Kostenrecht: Höhe der Geschäftsgebühr, Terminsgebühr Bundesverfassungsgericht, Aufwendungen für Gutachten, Rechtsanwaltsgebühren

 

Leitsatz (amtlich)

1. Eine Erhöhung der Geschäftsgebühr auf 2,5 wegen überdurchschnittlicher Schwierigkeit kann gefordert werden, wenn die Tätigkeit des Rechtsanwalts schwierige verfassungsrechtliche Fragestellungen umfasste.

2. Hat das Bundesverfassungsgericht über ein Normenkontrollverfahren nicht mündlich verhandelt, kann keine Terminsgebühr geltend gemacht werden.

3. Aufwendungen für verfassungs- oder europarechtliche Gutachten sind regelmäßig nicht erstattungsfähig.

4. Kann die fehlende Sachkunde auf technischem Gebiet als Grundlage für das eigene Vorbringen und die Auseinandersetzung mit den Äußerungen der beklagten Behörde nur durch die Einholung eines Gutachtens verschafft werden, sind die Kosten für dieses Privatgutachten ausnahmsweise erstattungsfähig.

 

Normenkette

RVG §§ 14, 37; RVG-VV Nrn. 2301, 3210; BVerfGG § 25 Abs. 2; FGO § 139 Abs. 1

 

Tatbestand

Die Klägerin und Erinnerungsführerin hatte sich in der Hauptsache gegen die Entrichtung einer Steuer gewandt.
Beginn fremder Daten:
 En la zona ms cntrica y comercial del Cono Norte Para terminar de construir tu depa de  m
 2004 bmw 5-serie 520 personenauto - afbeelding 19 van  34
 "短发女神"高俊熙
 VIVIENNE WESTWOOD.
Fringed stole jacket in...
Über das vom Finanzgericht Hamburg angestoßene Normenkontrollverfahren hatte das Bundesverfassungsgericht ohne mündliche Verhandlung durch Beschluss entschieden und das Steuergesetz für mit dem Grundgesetz unvereinbar und nichtig erklärt.
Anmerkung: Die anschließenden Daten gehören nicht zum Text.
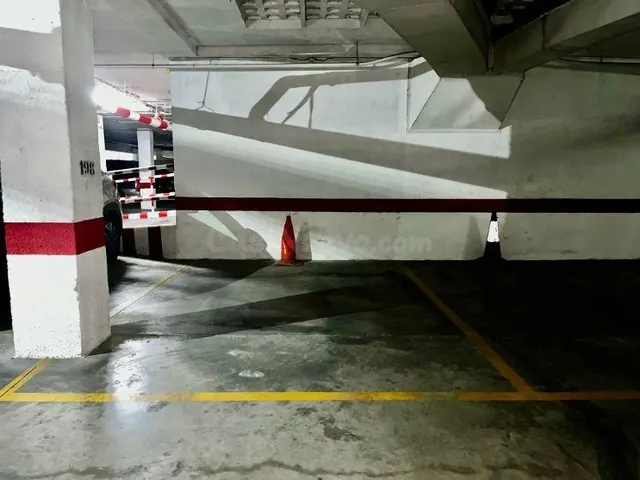 AMPLIA PLAZA DE GARAJE JUNTO AV ALMOGÁVARES!!!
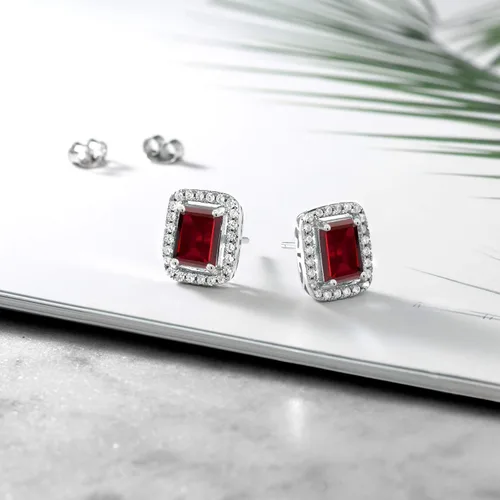 Miniatura 4 de Gem Stone King Aretes de plata de ley 925 con piedra natal Corte esmeralda de 0.315 x 0.236 in Aretes de halo para mujer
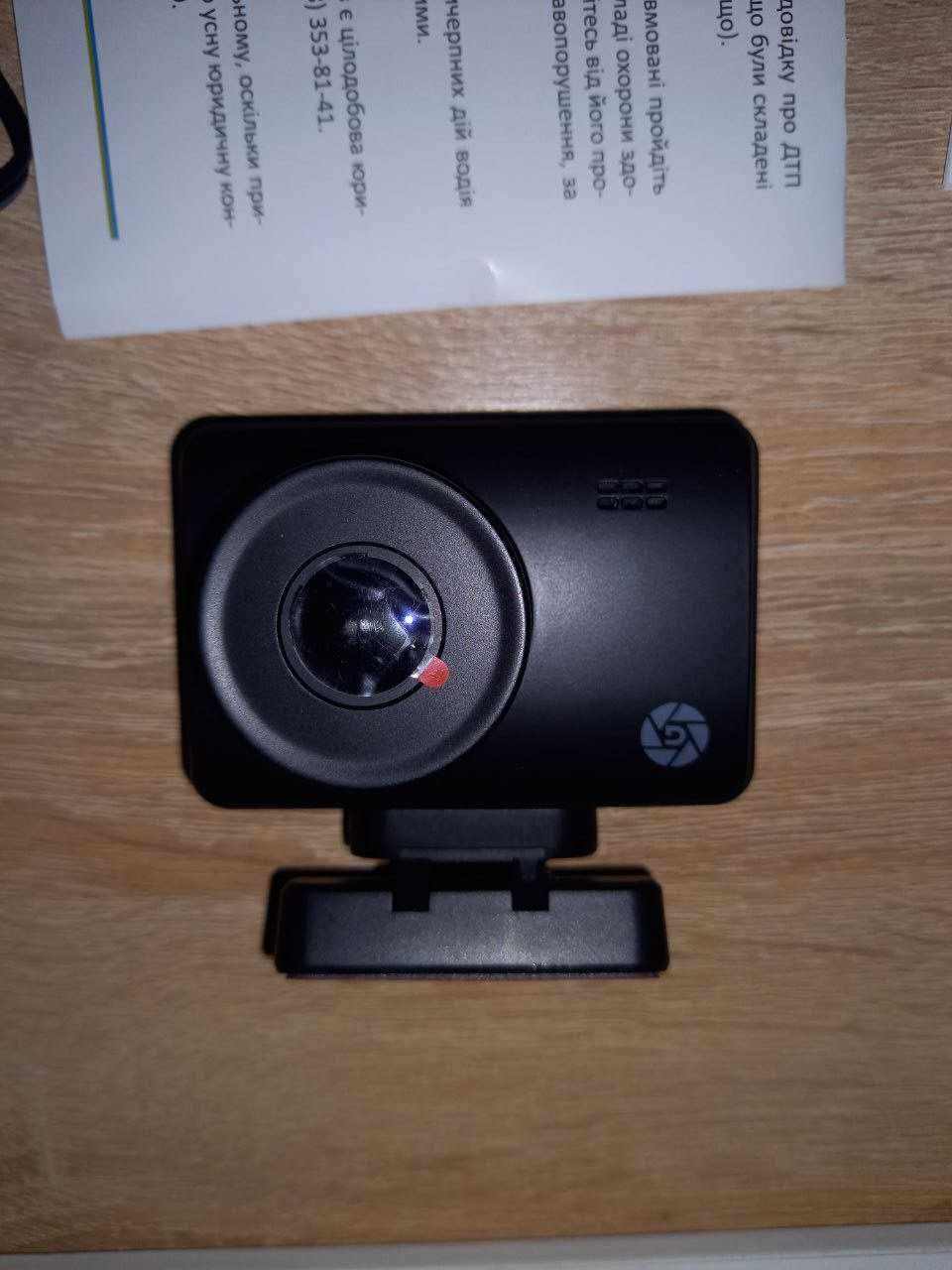 Видеорегистратор Globex GE-303R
Nachdem die beklagte Behörde die angefochtene Steueranmeldung aufgehoben und die Beteiligten das Verfahren übereinstimmend für in der Hauptsache erledigt erklärt hatten, legte der Senat mit Beschluss vom 14.07.2017 der beklagten Behörde die Kosten des Verfahrens auf.

Die Klägerin und Erinnerungsführerin wendet sich mit ihrer Erinnerung gegen den Kostenfestsetzungsbeschluss des Urkundsbeamten des Gerichts, der ihr nicht nur die Festsetzung einer Terminsgebühr für das Verfahren vor dem Bundesverfassungsgericht, sondern auch die Erstattungsfähigkeit von Aufwendungen für verschiedene rechtliche und technische Gutachten versagte und überdies die Geschäftsgebühr lediglich mit der Regelgebühr von 1,3 ansetzte.

 

Entscheidungsgründe

Die gemäß § 149 Abs. 2 zulässige Erinnerung führt lediglich in dem aus dem Tenor ersichtlichen Umfang zum Erfolg. ...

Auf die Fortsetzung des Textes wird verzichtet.